Episode 2 : Dune Nation souveraine à l’emprise anglaise.

      IV – 2   La résistance en Bretagne s’organise :

       Le 24 juin 843, jour de la Saint Jean-Baptiste est une date funeste pour la Bretagne : une flotte viking remonte la Loire et s’empare de Nantes par surprise. La cité nantaise est pillée, l’évêque est tué sur l’autel, en sa cathédrale. Les fidèles et tous les habitants sont massacrés.

      Alors, Alain Ier, roi de Bretagne, dit Alain Le Grand (Alan Veur : 890-907), décide de mettre fin à la terreur viking. Il va réussir à unifier les Bretons et battra les Vikings à Questembert en 888 .

      Malheureusement, Alain Ier meurt en 907 et la Bretagne va retomber dans l’anarchie, du fait des dissensions qui divisent le pays.

    Les Vikings en profitent pour poursuivre leur œuvre de pillage, de chaos !

IV – 3 Les Francs, magnanimes (ou plutôt contraints…), offrent la Normandie aux Vikings de Rollon !

     Mais si la Bretagne a eu à subir la terreur viking, la Francie a aussi eu à subir durement les attaques incessantes de ces forbans. Ils iront même jusqu’à Paris…

    Pourtant, après des décennies de dévastation et de résistance face à l’envahisseur nordique, le roi des Francs Charles Le Simple se résout à conclure un accord, en 911, avec Rollon, le chef des Vikings !

     Par le traité de Saint-Clair-sur-Epte, il est concédé aux Vikings un vaste et riche territoire qui va prendre le nom de « Normandie » : le pays des « hommes du nord ». Ceux-ci abandonneront leur langue « germanique » d’origine. On trouve cependant aujourd’hui des traces de leur langue, dans la toponymie, comme Honfleur, Barfleur, etc.

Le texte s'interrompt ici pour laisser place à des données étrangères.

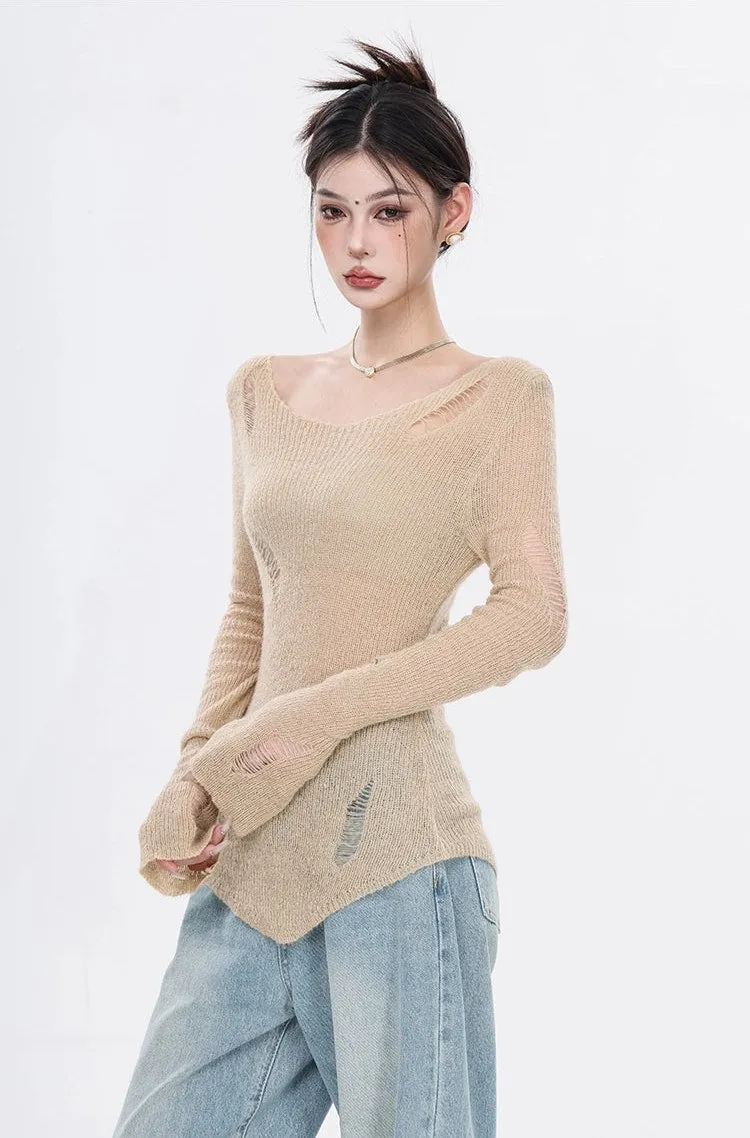 Distressed Hem Knit Lightweight Top with Thumb Holes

   Mais certains Vikings ne se calmeront toujours pas et harcèleront encore, longtemps après, les Bretons, du côté de Dol et du Mont Saint-Michel, lesquels résisteront vaillamment et les repousseront chaque fois !

IV – 4 La Bretagne enfin libérée !

Les Vikings continueront en effet à sévir encore en Bretagne. Ce n’est qu’en 937, à Nantes, puis en 939, à Trans, près de Dol, qu’Alain II  Barbe Torte, dit Le Libérateur (Alan Varvek : 937-952) et petit-fils d’Alain Le Grand, délivrera définitivement la Bretagne de ces bandits : deux autres grandes dates de l’Histoire de Bretagne qu’il faut absolument retenir !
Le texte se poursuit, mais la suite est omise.